Within two years, however the Mexican revolution had given the
Mexican government a permanent hold upon former Spanish territory
Southwest of the U.S.
The Treaty of Doak's Stand 1820, about 1,000 CHOCTAW moved from
their ancestral homes East of the Mississippi to West of the
Mississippi in the then Arkansas Territory. This provided a new
Eastern boundary for the CHOCTAW settlements on a line extending
North from the mouth of the Little River to the Arkansas River.

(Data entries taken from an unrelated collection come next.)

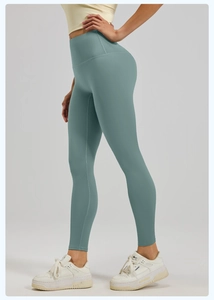 Close-up of high-waist yoga pants in sage green showing seamless texture and squat-proof fabric
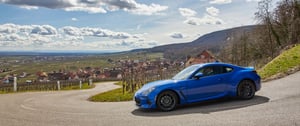 Der Subaru BRZ als blaues Sportcoupé auf kurviger Landstraße mit Dorf im Hintergrund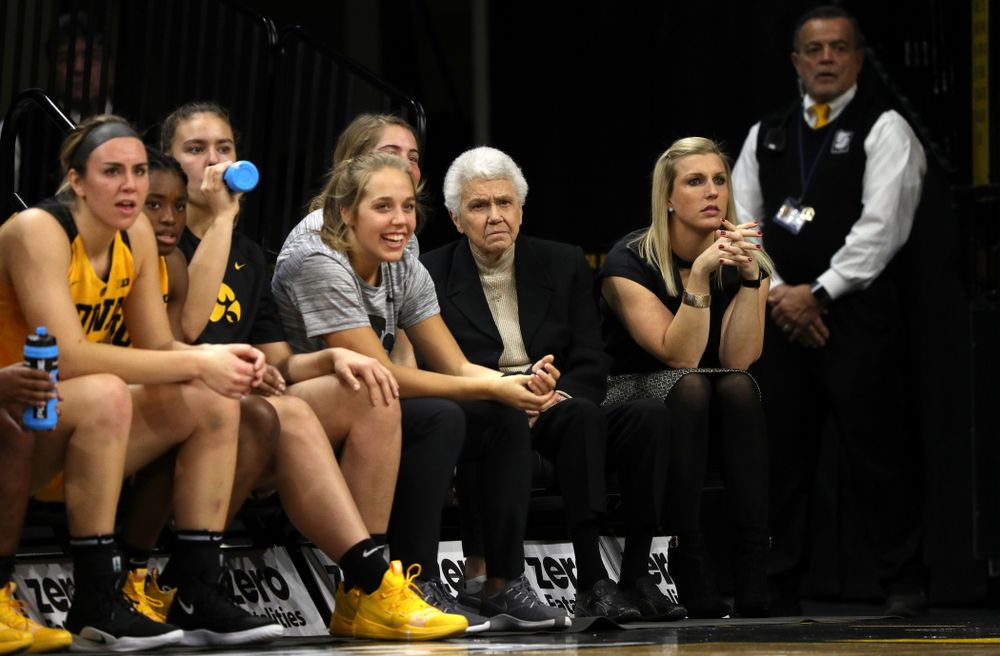 Dr. Christine Grant sits on the Iowa Hawkeyes bench during their game  against the Robert Morris Colonials Sunday, December 2, 2018 at Carver-Hawkeye Arena. (Brian Ray/hawkeyesports.com)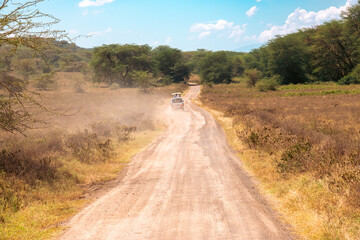 A safari vehicle on a dirt road in the wild at Lake Nakuru National Park in Kenya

In 1824 Congress fixed the Western boundary of the Arkansas
Territory on a line of 40 miles West of the Southwest corner of
Missouri. As surveyed by John C. Brown, the new Arkansas boundary
cut through the lower Kiamici River near the stream's mouth and
crossed West of the Three Forks area. This act was a clear
violation by the United States of the Treaty of Doak's Stand - 1820
The Arkansas delegate to Congress, HENRY W. CONWAY, protested the
New Arkansas Treaty line of 1824. Declaring in a letter to
Secretary of War JOHN C. CALHOUN that such a boundary would cut
off a large number of Arkansas citizens (who should have NOT
settled on Indian land in the first place ..prs) from the
protection of Arkansas.
Treaty of 2nd June 1825.
"The Tetons, Yanctons, and Yanctonies, and bands of the
Sioux, admit the right of the United States to regulate their
trade."
-Treaty of 2nd June 1825. Osage Nation, at Clarke. Arkansas
"Fifty-four tracts of one mile square each, of the land
ceded by this treaty, shall be laid off under the direction of
the President of the United States, and sold, for the purpose of
raising a fund, to be applied for the support of schools for the
education of the Osage children."
Treaty of 2nd June 1825. Osage Nation, at Clarke. Arkansas
"The United States agree to furnish at Clarke, for the use
of the Osage nation, a blacksmith and tools to mend their arms,
and utensils of husbandry, and engage to build them a horse-mill
or water-mill; also to furnish them with plows," etc. -Ibid. |
-Treaty of 3rd June 1825. Kansas Nation.
"The United States, immediately after the ratification of
this convention, shall cause to be furnished to the Kansas
nation, 300 head of cattle, 300 hogs, 500 domestic fowls, three
yoke of oxen and two carts, with such implements of husbandry as
the Superintendent of Indian Affairs may think necessary; and
shall employ such persons to aid and instruct them in agriculture
as the President of the United States may deem expedient; and
shall provide and support a blacksmith." |
-Treaty of 3rd June 1825. Kansas Nation.
"Thirty-six sections of good land on Big Blue River, shall
be laid out under the direction of the President of the United
States, and sold for the purpose of raising a fund to be applied,
under the direction of the President, to the education of the
Kansas children within their nation." -Ibid.
President JOHN QUINCY ADAMS appointed JAMES S. CONWAY to re-
survey the new line, and on Nov. 02, 1825, the survey work begun
at Fort Smith, Arkansas. It was completed on Dec. 07. 1825.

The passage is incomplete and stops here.